Pour limiter la stigmatisation et la discrimination, les chercheurs ont proposé que les médias devraient aussi mentionner les causes de l’excès de poids qui sont plus difficilement contrôlables par les personnes, comme les prédispositions génétiques ou l’environnement.

La stigmatisation et la discrimination liées au poids peuvent avoir des conséquences dommageables pour la santé psychologique et physiologique des personnes obèses15. En plus d’un risque accru de

dépression et d’anxiété, le stress psychologique causé par la stigmatisation liée au poids corporel peut augmenter le risque de maladies associées à l’obésité, comme des états inflammatoires

prédisposant à certaines maladies chroniques71, 72. Le dénigrement de l’excès de poids et les

préjugés entretenus à l’égard des personnes obèses peuvent aussi contribuer à fragiliser leur état psychologique et les rendre moins motivées à adopter des comportements favorables à la santé62.

Par exemple, le discours du médecin peut parfois être un obstacle à bénéficier des soins de santé comme en a témoigné une personne obèse : « Je ne vais pas chez le médecin parce que l’idée de me faire dire : mais madame, si vous n’étiez pas si grosse, vous n’auriez pas mal au dos, je n’ai pas envie de payer pour me faire dire ça, je le sais. Alors du coup, je ne vais pas chez le médecin. J’ai différents petits maux, notamment des maux de dos, mais je ne vois pas pourquoi j’irais chez le médecin parce que je sais que c’est lié à la grosseur. Alors pour m’entendre dire : c’est parce que vous être trop grosse, non, je refuse »28.

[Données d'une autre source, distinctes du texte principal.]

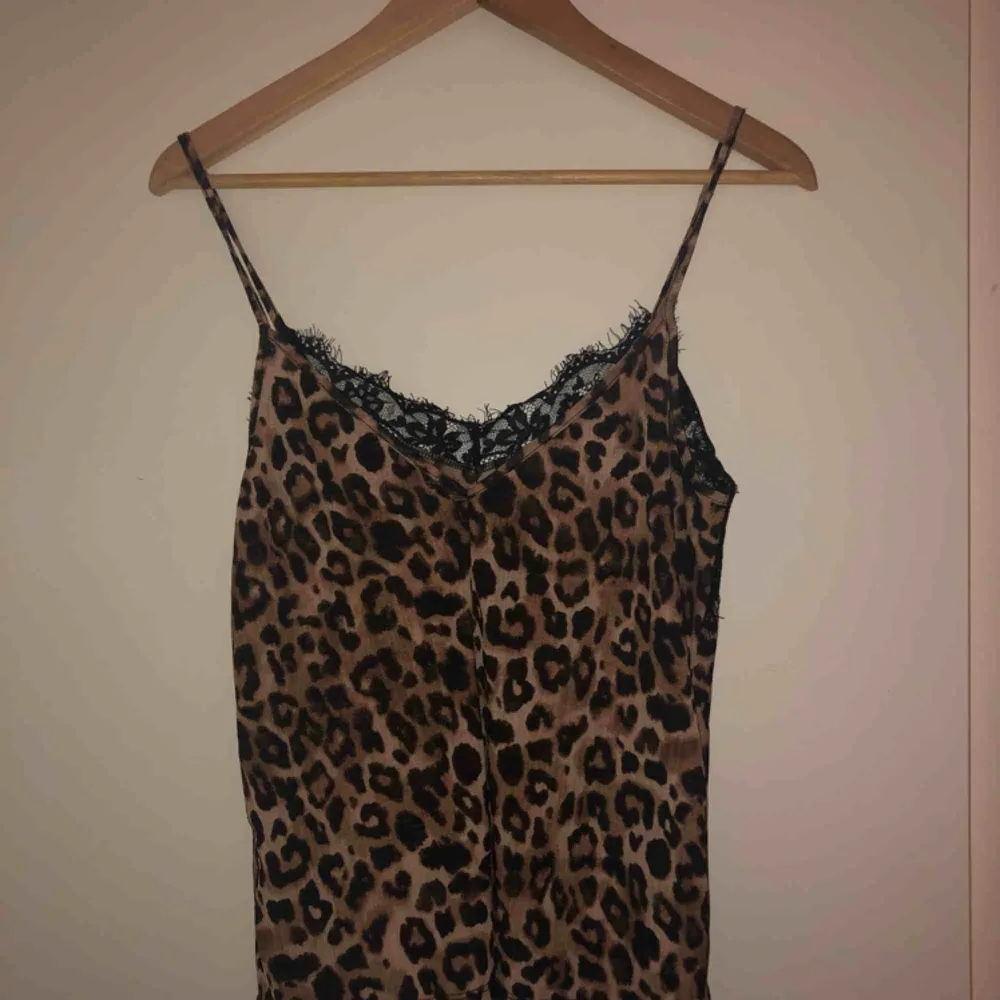 linne från ZARA med leopard möster, skriv om du är intresserad så fixar vi!!. Toppar.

Manger pour combler un autre besoin que la faim est aussi un comportement qui n’est pas lié à la santé. L’essai clinique randomisé de Schvey et coll. (2011) a évalué l’influence de l’exposition à la stigmatisation liée au poids sur la prise alimentaire subséquente de 73 femmes âgées en moyenne

de 32 ans et présentant un poids normal ou de l’embonpoint73. Les femmes étaient assignées

aléatoirement à visionner l’une des deux émissions suivantes : une émission véhiculant des croyances et des préjugés négatifs à l’égard des personnes obèses ou une émission témoin dont le contenu était neutre. Après le visionnement, les participantes étaient invitées à remplir des questionnaires et à consommer une collation ad libitum (à volonté). Les résultats ont montré que la prise alimentaire des femmes en surpoids assignées à l’émission incluant des préjugés était trois fois plus élevée que celle des femmes en surpoids qui ont visionné l’émission neutre (301 vs 89 calories, respectivement)73. Ces données suggèrent que la pression pour maigrir ressentie par les personnes

en surpoids peut avoir des effets négatifs sur leur santé. L’article « Stigmatisation liée au poids corporel : quoi? pourquoi? comment? » présenté à l’annexe A de cette thèse documente les raisons et les conséquences de la stigmatisation liée au poids corporel, de même que certaines considérations pratiques visant à limiter cette attitude négative.

En résumé, le contenu de la section 1.1 a montré que la prévalence de l’obésité a rapidement augmenté au courant des dernières années mais la relation entre l’obésité, la santé et les maladies est complexe et encore mal comprise, notamment en raison de l’hétérogénéité observée auprès des personnes obèses. Alors que l’environnement est susceptible de favoriser le développement de

l'obésité et que la norme sociale incite à la minceur, cette situation peut contribuer à la préoccupation excessive à l’égard du poids corporel. Enfin, la stigmatisation et la discrimination à l’égard du poids peuvent avoir des conséquences dommageables sur la santé psychologique et physiologique des personnes obèses, comme le fait d’adopter des comportements qui ne sont pas favorables à la santé.